Viliam comments on Words That Belong to Someone

Viliam 25 Feb 2026 15:57 UTC
2 points
0
If the value of a human teacher is partly that their words are tied to who they are, that a meditation teacher cannot suddenly optimize solely for self-interest without contradicting everything he’s built, is the absence of that constraint in LLMs a feature or a failure?
The good part of that is that not all constraints are necessary for the thing you care about; many are incidental. Perhaps you want to talk to someone you respect, but there is no language you are both fluent at. The “doesn’t speak your language” constraint is almost always incidental to what you actually care about.

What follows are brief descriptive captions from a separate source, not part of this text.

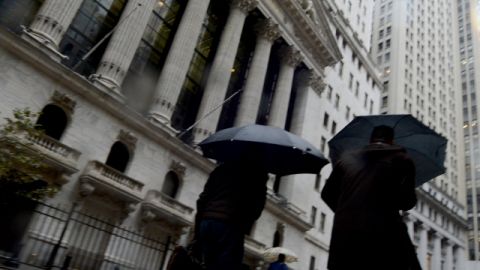 Día lluvioso en el New York Stock Exchange.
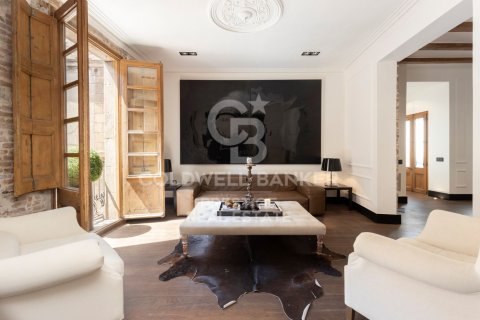 3 bedrooms apartment for sale in Barcelona, Catalonia, Spain № 5888 - photo 2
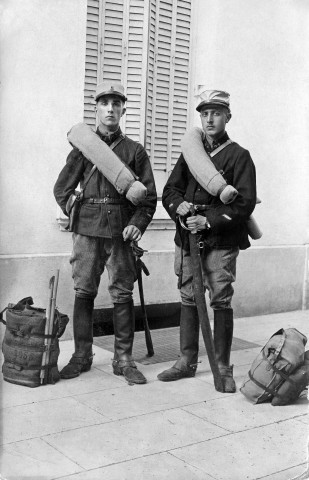 Paul Tiran et Auguste Grivelet pendant leurs classes au 5ème régiment d'artillerie lourde.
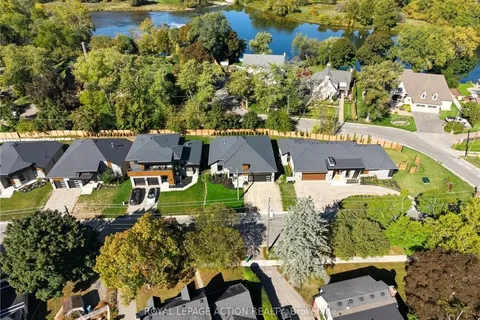 141 Parkside Drive, ON N3T 0S9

A specific example that often comes to my mind: I like the Montessori education, but it seems limited by the fact that Maria Montessori lived in 1870-1952, so you can’t ask her what she would think about e.g. computers. Her followers seem to copy her teachings rather than copy the thing that generated the teachings, so if you ask them what about computer science, they will mostly try to avoid the question, or to avoid the computers in general. And yet I believe that if Maria Montessori lived in 21st century, she would have an opinion on the role of computers in education (and it would very likely be different from “avoid the computers as much as you can”). Here, the incidental trait is “lived in a different century”.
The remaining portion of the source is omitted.